N° 141 : Sunrise on Bay Bridge (Lovetronic, Lisa Shaw, Andy Caldwell...)

Set non disponible

Juin 2011, 5h52. Oakland (Californie).

Pas de Yellow Cab à l'horizon. Jaden a dû se résoudre à prendre l'un de ces "bandits taxis" qui rôdent à la sortie des boîtes de nuit.
Jamais facile de se fier à ces individus avenants mais interlopes. Leurs véhicules maquillés sont souvent dépourvus d'assurance et il faut prier pour que la course se passe sans encombres d'autant plus que la destination est située de l'autre côté de la baie : la célèbre Lombard Street à San Francisco, dernier bastion américain d'une house sexy et élégante.

Avec ses faux airs d'Edward Norton dans "American History X", le chauffeur inspire la méfiance voire l'inquiétude.
"Quel style de musique voulez-vous écouter ?" demande t-il à Jaden d'une voix assurée alors qu'il s'engage sur Grand Avenue. Comme s'il était naturel qu'un clubber ait encore besoin de musique alors qu'il vient d'en écouter pendant 5 heures d'affilée.
Fixée sur la droite du tableau de bord, une grande boîte de CD's soigneusement rangés dans des pochettes plastiques laisse entrevoir un choix impressionnant.
"Euh...peu importe...ce que vous voulez...pas trop bruyant si possible", répond Jaden en allumant son portable.
Le puissant sound machine résonne encore dans sa tête mais le sommeil viendra sûrement à bout de ces satanés acouphènes.

L'intro de "You are love" de LOVETRONIC, un groupe localse fait entendre et rassure sur le bon goût du chauffeur, à moins que ce soit un heureux hasard pour qui vient de vivre l'une des plus belles soirées soulful de l'année au Era Art Bar. Le physique d'un "métalleux" mais qui sait, l'oreille d'un mélomane ?

Très vite, le CD enchaîne sur le mythique "Back to love" de MORTEN TRUST remixé par Richard Earnshaw. "Après tout, ce taxi offre un visage plutôt sympa", se dit Jaden en tentant de se rassurer.

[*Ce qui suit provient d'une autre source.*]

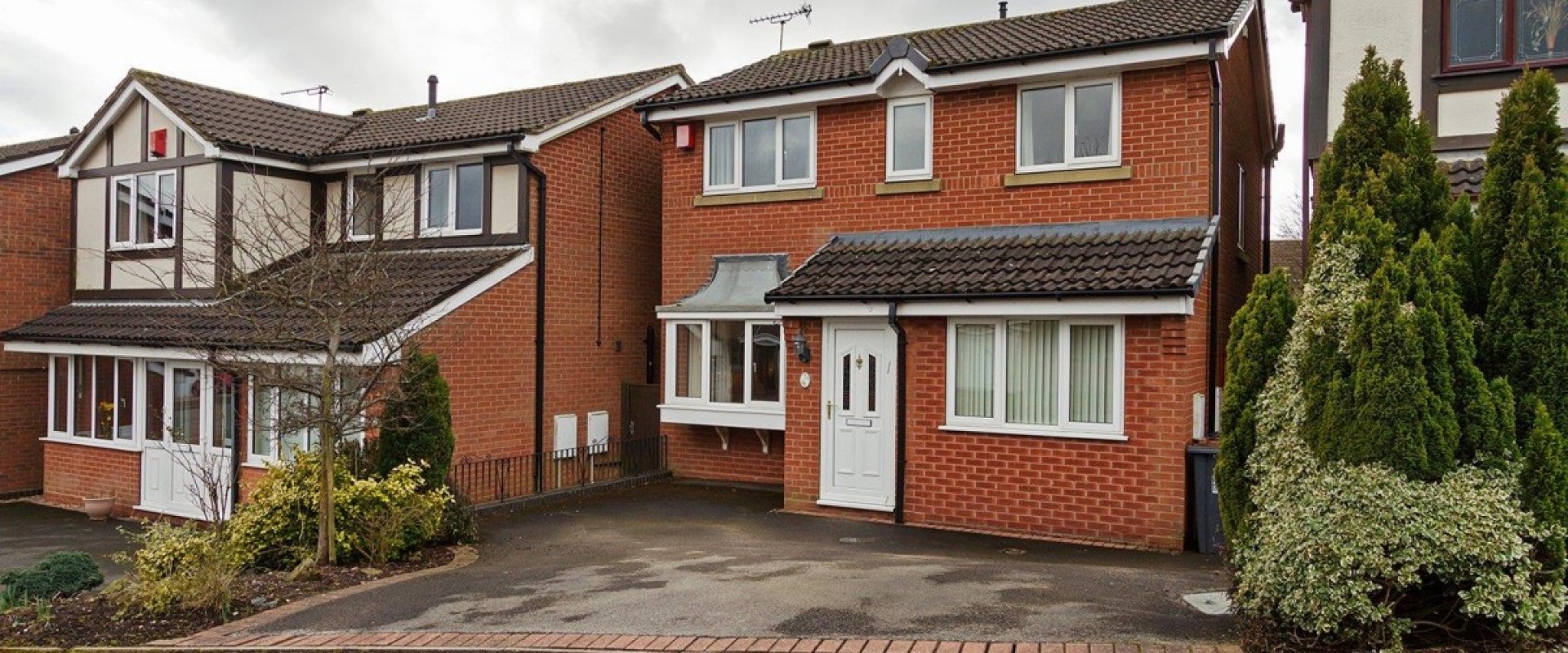 Image of 4-Bed House in Eddisbury Drive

Une voiture de police surgit au carrefour de Market Street. Sans hésiter, notre "Edward Norton" bifurque sèchement dans Isabella Street. La chasse aux clandestins est sans pitié et un policier aguerri connait parfaitement les caractéristiques d'un Yellow Cab officiel, notamment le macaron apposé sur le pare-brise et la vignette qui indique qu'il est autorisé à travailler à l'aéroport international.
Le CD propose désormais un subtil enchaînement entre la loop de Morten Trust et la version acoustique d'un vieux classique gospel, "I get lifted" de BARBARA TUCKER.

Ce détour forcé de près d'1 km ramène l'équipage au Memorial Park sur Peratta Street. La soulful house de San Francisco s'exprime à nouveau à travers la voix de LISA SHAW sur "All night high" et ce mix semi-électro de Miguel Migs dans lequel une "square basse" sans tonalité mène la danse.
Jaden se surprend à fermer les yeux tout en entamant sa décantation. Même mélangé au Diet Coke, le Bourbon "casse" bien plus que le Pure Malt.

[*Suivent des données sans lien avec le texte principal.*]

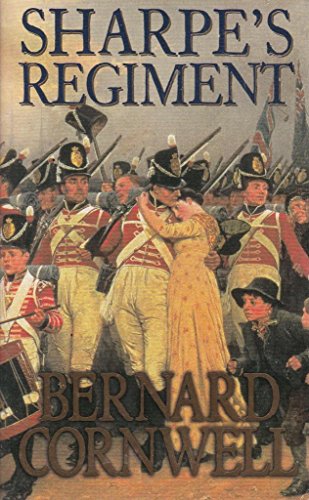 Stock image for Xsharpes Regiment Pb 7 Asda for sale by Reuseabook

Au feu rouge de Wood Street, un "clodo" vient cogner à la vitre en beuglant, brisant la sérénité qui venait doucement de s'installer sur la banquette arrière.
Vert ! La délivrance s'accompagne des premières notes de cuivres de "Get another plan" de ABSTRACT TRUTH. La voix de Monique Bingham rappelle à Jaden le temps où la radio parisienne FG proposait des matinées très très deep. Il avait toujours pensé que ce morceau parlait d'avions et de voyages. C'est le défaut des français qui écoutent et comprennent à moitié les paroles des chansons anglo-saxonnes. "Le fric, c'est chic" avait-il aussi cru comprendre dans un tube de son enfance.

Alors qu'ils atteignent enfin Bay Bridge, le soleil se dessine sur un ciel rouge qui borde les collines au loin. La traversée de cet ouvrage monumental de 7 km de long semble d'une rapidité étonnante, bercé par l'atmosphère enchanteresse de"I knew you when" de LATE NIGHT ALUMNI.
Passé Treasure Island, à droite au cœur de la baie, Alcatraz dévoile son imposante carcasse.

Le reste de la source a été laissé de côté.